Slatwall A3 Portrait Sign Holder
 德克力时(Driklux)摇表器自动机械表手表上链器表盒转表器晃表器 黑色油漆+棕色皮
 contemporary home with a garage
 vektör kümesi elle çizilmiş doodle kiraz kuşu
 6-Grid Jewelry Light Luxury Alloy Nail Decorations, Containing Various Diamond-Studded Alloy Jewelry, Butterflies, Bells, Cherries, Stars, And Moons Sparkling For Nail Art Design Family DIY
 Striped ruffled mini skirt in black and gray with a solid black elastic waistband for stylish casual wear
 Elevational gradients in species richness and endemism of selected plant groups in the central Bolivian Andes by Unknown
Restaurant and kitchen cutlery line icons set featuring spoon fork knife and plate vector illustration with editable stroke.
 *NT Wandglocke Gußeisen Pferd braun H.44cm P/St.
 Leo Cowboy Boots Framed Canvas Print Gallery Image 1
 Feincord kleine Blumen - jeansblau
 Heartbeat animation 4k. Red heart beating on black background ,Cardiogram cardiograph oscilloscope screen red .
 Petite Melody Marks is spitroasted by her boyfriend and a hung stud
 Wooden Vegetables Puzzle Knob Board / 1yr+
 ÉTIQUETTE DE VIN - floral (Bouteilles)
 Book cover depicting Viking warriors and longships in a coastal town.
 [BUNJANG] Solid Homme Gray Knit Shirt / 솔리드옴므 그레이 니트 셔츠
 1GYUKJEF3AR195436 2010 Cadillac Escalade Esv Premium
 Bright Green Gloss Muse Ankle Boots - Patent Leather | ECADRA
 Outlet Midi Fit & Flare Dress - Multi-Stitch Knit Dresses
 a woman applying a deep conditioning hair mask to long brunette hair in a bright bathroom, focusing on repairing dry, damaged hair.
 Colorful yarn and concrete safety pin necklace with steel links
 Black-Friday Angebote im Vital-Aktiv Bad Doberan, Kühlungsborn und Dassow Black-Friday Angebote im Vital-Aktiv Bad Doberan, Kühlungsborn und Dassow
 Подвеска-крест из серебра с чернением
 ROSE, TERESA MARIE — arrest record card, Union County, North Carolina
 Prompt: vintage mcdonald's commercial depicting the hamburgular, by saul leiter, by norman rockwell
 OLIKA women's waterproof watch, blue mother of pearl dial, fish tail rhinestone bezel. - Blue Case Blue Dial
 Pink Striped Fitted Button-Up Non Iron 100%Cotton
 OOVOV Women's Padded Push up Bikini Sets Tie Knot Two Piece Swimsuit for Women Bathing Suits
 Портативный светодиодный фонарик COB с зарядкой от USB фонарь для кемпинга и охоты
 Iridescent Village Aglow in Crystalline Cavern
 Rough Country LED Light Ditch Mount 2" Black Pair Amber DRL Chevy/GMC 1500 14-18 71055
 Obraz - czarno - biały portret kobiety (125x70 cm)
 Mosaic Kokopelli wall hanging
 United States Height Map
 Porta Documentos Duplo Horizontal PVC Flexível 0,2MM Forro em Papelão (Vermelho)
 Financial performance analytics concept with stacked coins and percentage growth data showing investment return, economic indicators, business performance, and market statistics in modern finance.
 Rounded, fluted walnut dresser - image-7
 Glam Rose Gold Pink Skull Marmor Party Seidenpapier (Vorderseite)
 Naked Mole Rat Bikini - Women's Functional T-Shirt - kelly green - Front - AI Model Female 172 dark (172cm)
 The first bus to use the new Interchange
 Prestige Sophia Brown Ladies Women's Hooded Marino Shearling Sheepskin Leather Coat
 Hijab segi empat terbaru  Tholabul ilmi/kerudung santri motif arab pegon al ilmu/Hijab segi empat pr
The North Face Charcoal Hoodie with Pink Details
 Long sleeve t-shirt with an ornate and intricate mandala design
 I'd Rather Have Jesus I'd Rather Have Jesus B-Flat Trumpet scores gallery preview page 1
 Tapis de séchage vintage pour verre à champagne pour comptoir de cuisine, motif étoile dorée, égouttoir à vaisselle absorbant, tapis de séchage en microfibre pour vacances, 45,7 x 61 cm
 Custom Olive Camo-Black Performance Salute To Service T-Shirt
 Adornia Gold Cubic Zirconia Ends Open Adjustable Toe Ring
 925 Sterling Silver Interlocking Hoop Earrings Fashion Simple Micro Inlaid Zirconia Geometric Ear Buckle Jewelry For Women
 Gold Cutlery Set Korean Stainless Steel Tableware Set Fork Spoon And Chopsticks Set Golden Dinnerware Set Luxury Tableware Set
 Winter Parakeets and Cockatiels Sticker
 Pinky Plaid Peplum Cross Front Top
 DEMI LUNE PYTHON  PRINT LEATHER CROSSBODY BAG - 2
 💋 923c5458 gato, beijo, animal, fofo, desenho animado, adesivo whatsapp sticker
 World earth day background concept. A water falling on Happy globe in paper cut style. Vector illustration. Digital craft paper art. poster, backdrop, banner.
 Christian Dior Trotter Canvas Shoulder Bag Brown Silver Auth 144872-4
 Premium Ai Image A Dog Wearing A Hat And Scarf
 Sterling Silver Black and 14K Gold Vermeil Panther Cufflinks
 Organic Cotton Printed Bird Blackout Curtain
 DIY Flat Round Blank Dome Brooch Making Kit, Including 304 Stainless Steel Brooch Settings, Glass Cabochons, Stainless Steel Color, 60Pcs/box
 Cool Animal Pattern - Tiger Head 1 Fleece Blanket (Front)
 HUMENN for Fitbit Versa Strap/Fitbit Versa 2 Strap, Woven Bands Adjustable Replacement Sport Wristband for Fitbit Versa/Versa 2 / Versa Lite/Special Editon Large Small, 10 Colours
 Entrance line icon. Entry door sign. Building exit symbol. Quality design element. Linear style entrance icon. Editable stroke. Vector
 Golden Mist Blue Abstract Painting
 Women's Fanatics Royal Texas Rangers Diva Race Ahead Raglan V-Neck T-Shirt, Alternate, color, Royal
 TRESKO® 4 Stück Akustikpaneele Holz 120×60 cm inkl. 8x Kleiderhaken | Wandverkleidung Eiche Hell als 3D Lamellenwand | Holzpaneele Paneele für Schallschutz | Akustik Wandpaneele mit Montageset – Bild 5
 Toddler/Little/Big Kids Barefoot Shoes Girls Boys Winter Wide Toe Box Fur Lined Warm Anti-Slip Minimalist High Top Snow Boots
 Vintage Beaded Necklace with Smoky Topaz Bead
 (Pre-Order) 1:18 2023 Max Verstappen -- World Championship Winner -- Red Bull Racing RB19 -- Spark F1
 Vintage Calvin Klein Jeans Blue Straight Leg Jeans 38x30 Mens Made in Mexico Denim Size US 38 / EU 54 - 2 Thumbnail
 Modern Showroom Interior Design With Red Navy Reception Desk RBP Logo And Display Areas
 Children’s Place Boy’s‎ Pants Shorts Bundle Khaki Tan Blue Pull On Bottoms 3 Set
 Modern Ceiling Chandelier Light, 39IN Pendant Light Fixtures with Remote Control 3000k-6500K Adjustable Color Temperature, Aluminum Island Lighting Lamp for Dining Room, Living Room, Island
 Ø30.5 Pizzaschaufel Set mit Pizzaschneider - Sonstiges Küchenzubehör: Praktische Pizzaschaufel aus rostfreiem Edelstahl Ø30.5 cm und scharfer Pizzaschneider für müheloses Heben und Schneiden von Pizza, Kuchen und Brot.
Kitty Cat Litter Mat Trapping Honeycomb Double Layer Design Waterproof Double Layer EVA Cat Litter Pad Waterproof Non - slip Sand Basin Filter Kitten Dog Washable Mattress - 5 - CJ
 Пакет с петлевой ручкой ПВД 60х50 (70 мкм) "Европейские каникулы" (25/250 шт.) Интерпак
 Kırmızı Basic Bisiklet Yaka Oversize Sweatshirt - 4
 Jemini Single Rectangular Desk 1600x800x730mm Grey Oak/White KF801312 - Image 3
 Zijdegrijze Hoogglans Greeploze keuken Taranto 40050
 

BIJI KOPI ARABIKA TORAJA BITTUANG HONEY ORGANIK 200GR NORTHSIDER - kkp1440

_ _ _ _

**Problem to work on:**
Which lines run from the one holding "adesivo whatsapp sticker" through the one holding "Christian Dior Trotter" in the records above? Repeat them exactly, both included, and nothing more.

**Reply to the task:**
 💋 923c5458 gato, beijo, animal, fofo, desenho animado, adesivo whatsapp sticker
 World earth day background concept. A water falling on Happy globe in paper cut style. Vector illustration. Digital craft paper art. poster, backdrop, banner.
 Christian Dior Trotter Canvas Shoulder Bag Brown Silver Auth 144872-4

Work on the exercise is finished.